While this could mean more California PG&E customers will lose power than the first-of-its-kind shutoff on Oct. 9, fewer Napa County customers would be implicated. In the first power shutoff, some 32,000 Napa County customers lost power, including large residential areas in south and west Napa.
The shutoffs in Napa County will affect roughly 34,000 people in the following communities: Angwin, Calistoga, Deer Park, Lake Berryessa, Napa, Oakville, Pope Valley, Rutherford, St Helena, Yountville.
The lights should also remain on in American Canyon and the core of Yountville, including the Veterans Home.
Most of the impact will be further north of Yountville, including St. Helena and Calistoga as well as Angwin, Pope Valley and Lake Berryessa areas.
To see whether your address could be affected, visit pge.com/eventmaps.
Saturday’s shutoff comes on the heels of this week’s smaller shutoff that left 7,000 Napa County PG&E customers in the dark.
Those customers had all been restored by noon Friday, PG&E said.
PG&E is predicting the strongest winds in some 15 years this weekend, starting Saturday night and continue into Monday, said Scott Strenfel, PG&E’s chief meteorologist. Winds are also likely to last longer than the 12-hour-or-less wind events seen recently, he said.
Higher elevations are expected to see wind gusts from 40 to 60 mph, with peak gusts at 70 to 80 mph or higher, Strenfel said.
Napa County’s fire weather watch was converted into a red flag warning Friday afternoon. Weather conditions conducive to the spread of wildfire will exist from 8 p.m. Saturday to 11 a.m. Monday.
“The forecast models put this on par, strength wise, with the 2017 offshore event that resulted in the deadly and devastating North Bay/Wine Country Fires,” the National Weather Service said early Friday morning.
Windy weather is expected to last until midday Monday, PG&E said in its press release. The utility will not send inspectors to check power lines until the period of dangerous weather has stopped, which could be as early as Monday afternoon for some places.
When restoration time comes, PG&E hopes to employ mutual aid workers from other energy companies in Canada, Minnesota and Florida. Those crews should be ready by Sunday evening.

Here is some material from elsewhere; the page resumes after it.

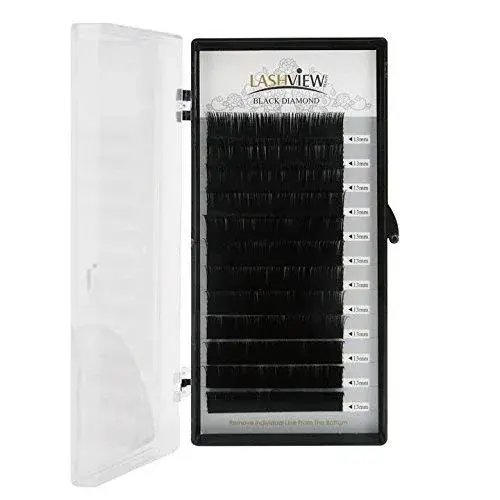 LASHVIEW FLAT 0.20C 10D D Curl 0.07mm 13mm Faux Mink Premade Volume Eyelash Extensions - 1 Count - main product image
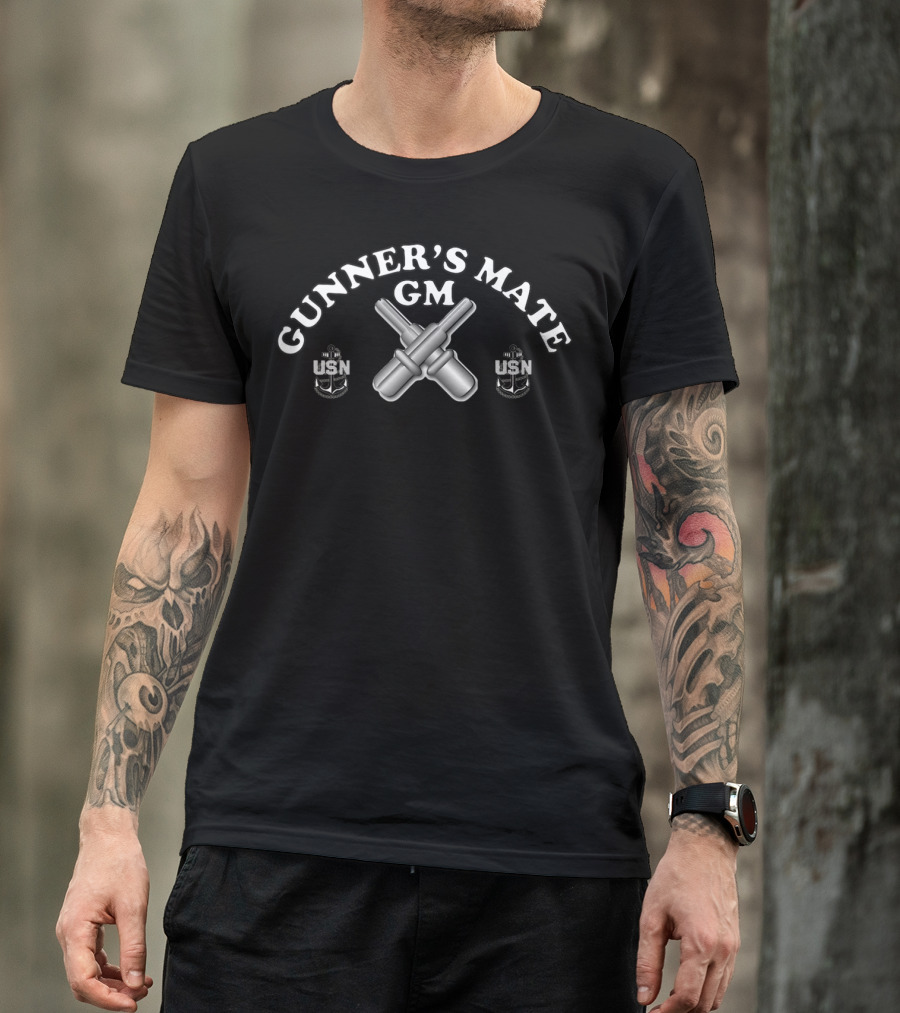 Gunner's Mate GM USN Navy Rating Badge T-Shirt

PG&E plans to open community centers with restrooms, water bottles, air-conditioned seating areas and charging stations, but it has not yet announced the locations. Previously, the Calistoga Fairgrounds hosted PG&E’s Napa County community center.
Windy, smoky and warm hours ahead
Napa County is among many parts of Bay Area under a red flag warning and high wind watch from Saturday evening through Monday morning. These warnings entail low humidity levels and potentially damaging winds that could blow down trees and power lines.
The highest wind gusts at up to 80 mph are expected in the North and East Bay Mountains, the National Weather Service forecast.
Humidity levels will plummet, NWS said, and fire-fighting efforts would be very difficult.
Fires that start could spread “extremely rapidly, especially early Sunday morning,” NWS wrote in a Friday afternoon forecast.
Smoke from the Sonoma County Kincade Fire — which officials believe may have been sparked by a faulty PG&E transmission tower — is forecast to move over much of the Bay Area as winds shift. Smoke could reach as far as the Monterey Peninsula and Salinas Valley by Saturday morning.
The Bay Area Air Quality Management District extended its Spare the Air alert through Saturday because of likely wildfire smoke in the region.
Temperatures are expected to cool to near-normal levels late in the weekend through early next wind. Weaker offshore winds are expected to hit mid-week next week but no rain is expected.
“We are squarely in the prime of our fire weather season,” NWS wrote.